Implicit agency task
ANOVA was used to explore between-group differences in judgements, and no significant results were identified: M (mean ± SEM: DYT-SGCE: −34.65 ± 4.78; HV: −33.68 ± 3.42; F(1,42) = 0.03, P = 0.87), W (mean ± SEM: DYT-SGCE: −36 711 ± 92.03; HV: −297.57 ± 74.36; F(1,42) = 0.35, P = 0.56) and W-M (mean ± SEM: DYT-SGCE: −332.46 ± 90.37; HV: −263.89 ± 74.50; F(1,42) = 0.35, P = 0.56) (Fig. 1F).
Neuroimaging results
Group differences in structural analysis: VBM and MD
A multivariate ANCOVA identified a significant between-group difference in morphometric measures for the motor cerebellum bilaterally (left cerebellum IV-V-VI: F(2,35) = 5.23, pcorr(n = 2) = 0.02; right cerebellum IV-V-VI: F(2,35) = 4.33, pcorr(n = 2) = 0.04; Table 3). No effect of group was identified for any other ROI (Table 3).
Table 3.
Multivariate | Univariateb | |||||
---|---|---|---|---|---|---|
F (P)* | DYT-SGCE (n = 19) | HV (n = 24) | F (P)** | |||
Mismatch detection functional module | ||||||
Pre-SMA | Merged | 1.53 (0.69) | VBMa | 0.33 ± 0.01 | 0.31 ± 0.01 | - |
MDa | 0.0006 ± 0.00002 | 0.0007 ± 0.00001 | - | |||
SMA proper | Merged | 2.49 (0.29) | VBMa | 0.27 ± 0.01 | 0.25 ± 0.01 | - |
MDa | 0.0006 ± 0.00001 | 0.0006 ± 0.00001 | - | |||
IPL | Left | 2.30 (0.31) | VBMa | 0.30 ± 0.02 | 0.28 ± 0.01 | - |
MDa | 0.0003 ± 0.000003 | 0.0003 ± 0.000002 | - | |||
Right | 0.85 (1.00) | VBMa | 0.36 ± 0.02 | 0.34 ± 0.01 | - | |
MDa | 0.0004 ± 0.000004 | 0.0004 ± 0.000003 | - | |||
Match detection functional module | ||||||
Insula | Left | 0.18 (1.00) | VBMa | 0.38 ± 0.01 | 0.38 ± 0.01 | - |
MDa | 0.0006 ± 0.00001 | 0.0006 ± 0.000004 | - | |||
Right | 1.75 (0.38) | VBMa | 0.42 ± 0.01 | 0.40 ± 0.01 | - | |
MDa | 0.0007 ± 0. 00001 | 0.0007 ± 0.000005 | - | |||
Precuneus | Left | 1.30 (0.57) | VBMa | 0.31 ± 0.01 | 0.29 ± 0.01 | - |
MDa | 0.0006 ± 0.00001 | 0.0006 ± 0.00001 | - | |||
Right | 1.94 (0.32) | VBMa | 0.31 ± 0.01 | 0.29 ± 0.01 | - | |
MDa | 0.0006 ± 0.00001 | 0.0006 ± 0.00001 | - | |||
Action-outcome prediction functional module | ||||||
Putamen | Left | 0.53 (1.00) | VBMa | 0.30 ± 0.01 | 0.29 ± 0.01 | - |
MDa | 0.0005 ± 0.00001 | 0.0005 ± 0.000005 | - | |||
Right | 1.44 (0.50) | VBMa | 0.30 ± 0.01 | 0.29 ± 0.01 | - | |
MDa | 0.0005 ± 0.00001 | 0.0005 ± 0.000004 | - | |||
Cerebellum | Left | 5.23 (0.02) | VBMa | 0.49 ± 0.01 | 0.47 ± 0.01 | 10.76 (0.004) |
MDa | 0.0006 ± 0.000005 | 0.0006 ± 0.000004 | 6.84 (0.03) | |||
Right | 4.33 (0.04) | VBMa | 0.51 ± 0.01 | 0.49 ± 0.01 | 8.67 (0.01) | |
MDa | 0.0006 ± 0.00001 | 0.0006 ± 0.000004 | 4.23 (0.09) |
aReported as mean ± Standard Error of the Mean.

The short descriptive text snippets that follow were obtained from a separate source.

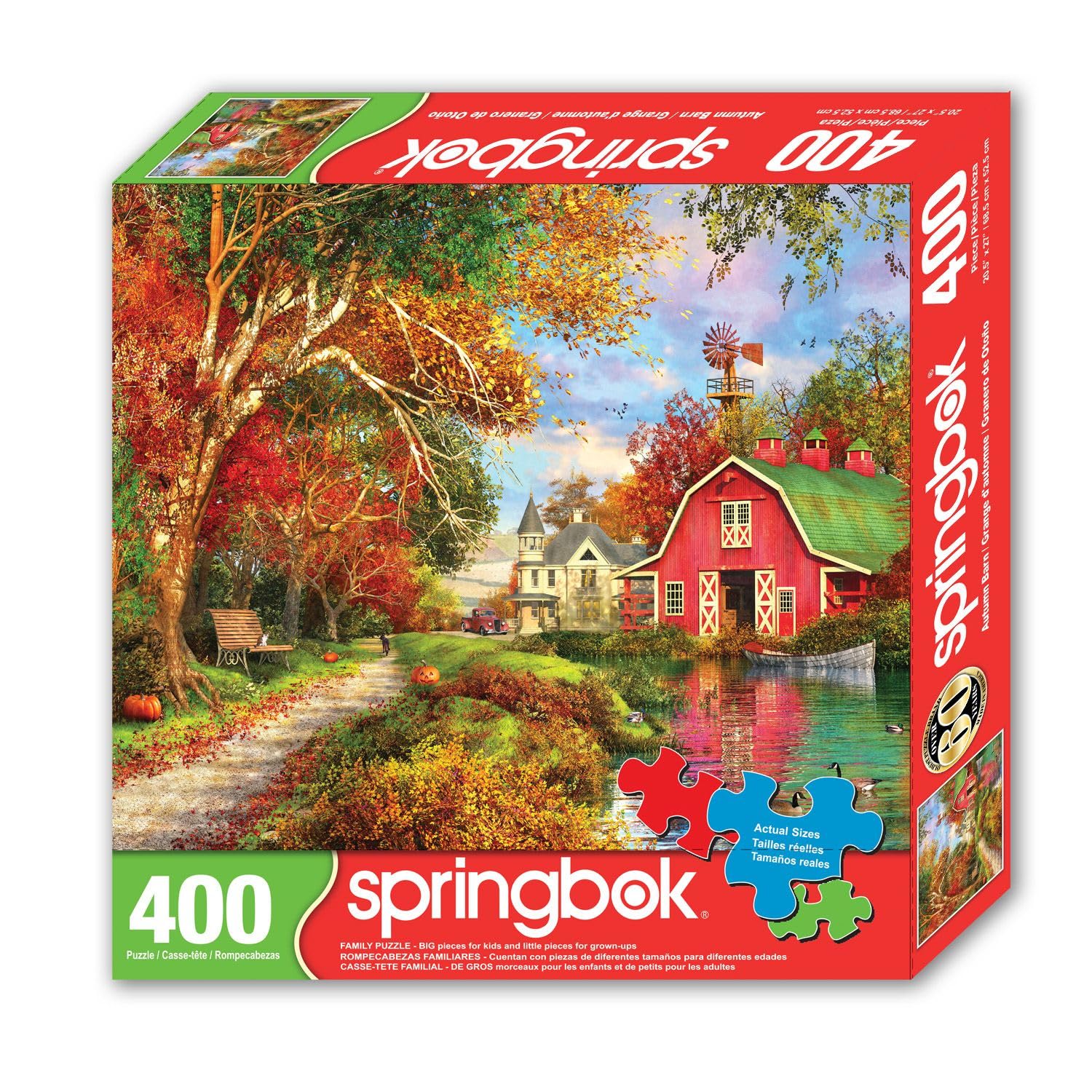 Springbok Autumn Barn 400 Piece Jigsaw Puzzle for Families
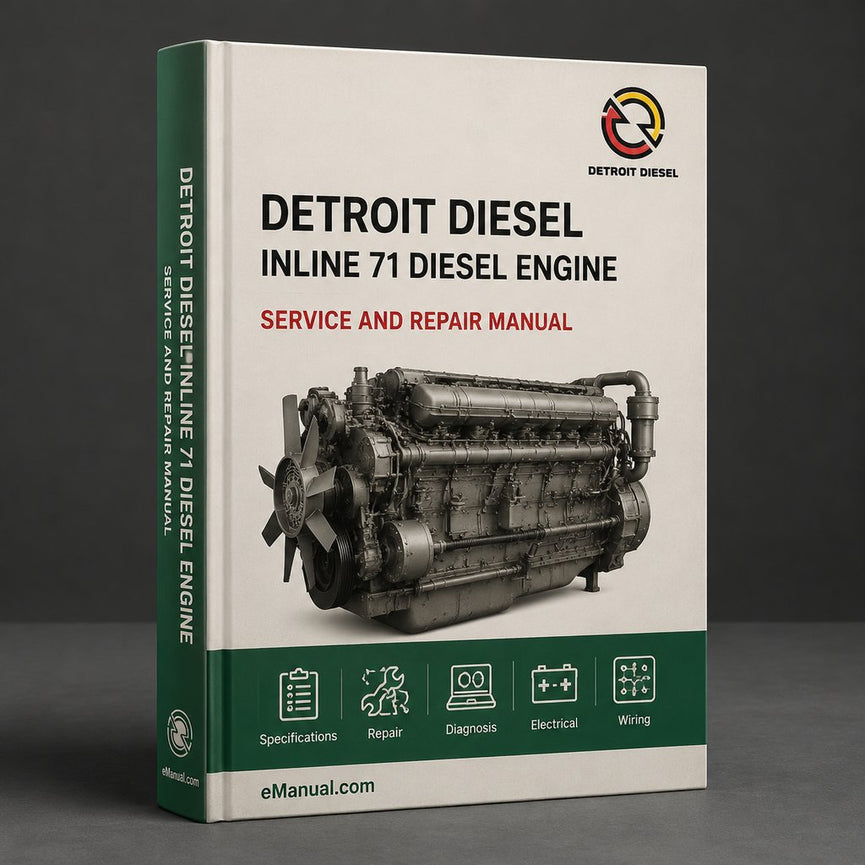 Detroit Diesel Inline 71 Diesel Engine Complete Workshop Service Repair Manual PDF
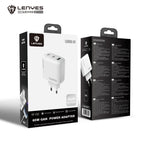 LENYES LCH96-EU Cargador GaN 65W 3 Puertos USB-C x2 + USB-A Blanco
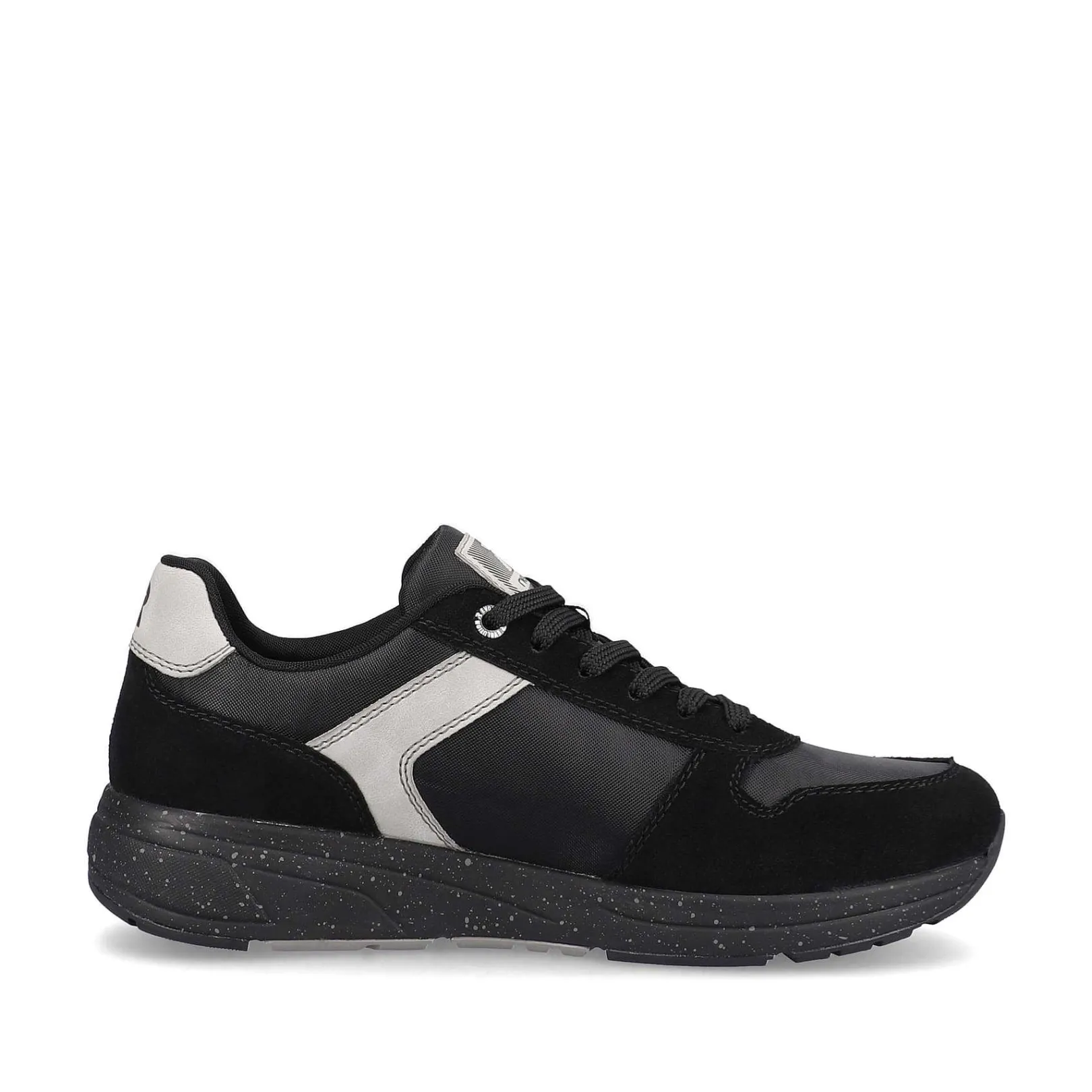 Clearance Men'S Sneaker Low Carbon-Black Silver-Grey Men'S Sneakers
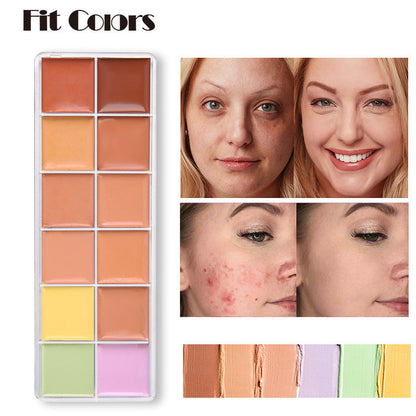 12 Color Concealer Natural Moisturizing Long Lasting Concealer 3D Concealer
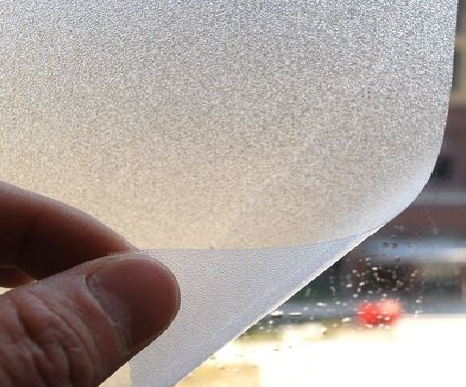 崇阳玻璃门外面粘广告用什么材料好？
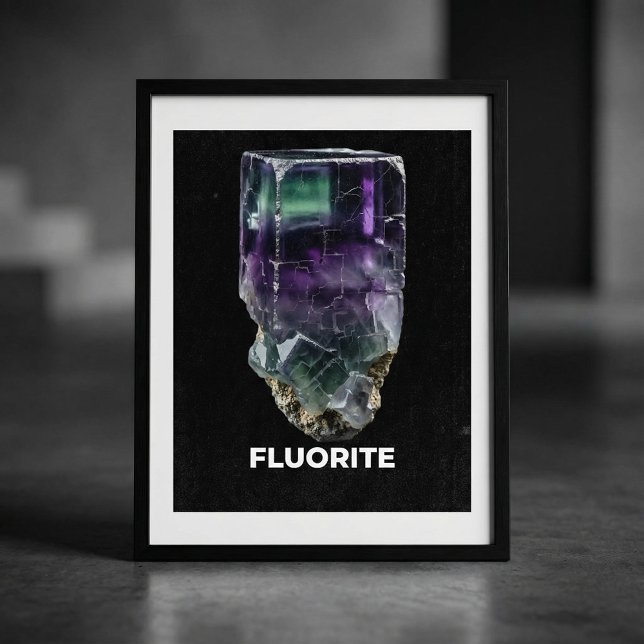 Stunning Fluorite Crystal Specimen Poster (Von Creator hochgeladen)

bTest provided only if difference in multivariate analysis.
*ANCOVA analysis (P corrected with Bonferroni correction for multiple comparisons) with age, sex, total intracranial volume, quality parameters (weighted overall image quality and absolute motion) as co-variables of non-interest.
**ANCOVA analysis (P corrected with Bonferroni correction for multiple comparisons) with age, sex, total intracranial volume and quality parameters (weighted overall image quality for voxel-based morphometry or absolute motion for MD) as co-variables of non-interest.
Significant test results in bold.
DYT-SGCE, myoclonus dystonia; HV, healthy volunteers; pre-SMA, pre-supplementary motor area; SMA, supplementary motor area; IPL, inferior parietal lobule; ROI, region of interest; VBM, voxel-based morphometry; MD, mean diffusivity.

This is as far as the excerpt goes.